Quel est le contexte de la décision?
En décembre 2018, sept Organisations non gouvernementales (ONG) basées au Togo et une journaliste blogueuse ont saisi la Cour de justice pour dénoncer la violation par les autorités de la liberté d’expression.
Il s’agit de l’Amnesty International Togo, l’Institut des médias pour la démocratie et les droits de l’homme (IM2DH), La Lanterne, Action des chrétiens pour l’abolition de la torture (ACAT), l’Association des victimes de torture au Togo (ASVITTO), la Ligue des consommateurs du Togo (LCT), l’Association togolaise pour l’éducation aux droits de l’Homme et à la démocratie (ATEDHD) et la journaliste Houefa Akpedje Kouassi.

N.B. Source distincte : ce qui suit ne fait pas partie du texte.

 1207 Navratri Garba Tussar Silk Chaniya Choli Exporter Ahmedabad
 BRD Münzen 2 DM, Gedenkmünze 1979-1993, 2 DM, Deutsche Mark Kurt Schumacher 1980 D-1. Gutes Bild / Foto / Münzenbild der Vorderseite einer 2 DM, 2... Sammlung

Les restrictions de l’accès à internet étaient intervenus dans le contexte de manifestations organisées depuis la mi-août 2017 appelant à des réformes constitutionnelles, dont la limitation du nombre de mandats présidentiels. Du 5 au 10 septembre 2017, les autorités ont limité l’accès à Internet dans le pays, dans la foulée des manifestations prévues par plusieurs partis d’opposition et la société civile pendant trois jours entre le 6 et le 8 septembre, sans doute, en raison des risques de forte médiatisation de ces manifestations sur les réseaux sociaux.
La cour a jugé les coupures d’Internet non fondées par la loi, a déclaré l’Etat coupable de violation de la liberté d’expression. Elle a par ailleurs condamné l’Etat togolais à verser à titre de dommages et intérêts, la somme de deux millions FCFA à chaque plaignant. La Cour a reconnu que l’accès à Internet était un droit.
Une victoire?
Absolument. La portée de cette décision est non négligeable et dépasse le contexte togolais. Les coupures d’internet sont assez récurrentes en Afrique et sont fortement liée au climat politique.
Reconnaître que l’accessibilité à Internet comme un droit ouvre des perspectives nouvelles en Afrique et donne un signal fort. Cette reconnaissance est aussi une bonne nouvelle pour la démocratie, la bonne gouvernance et la paix sociale…mais aussi et surtout pour l’économie, désormais très dépendante de l’internet.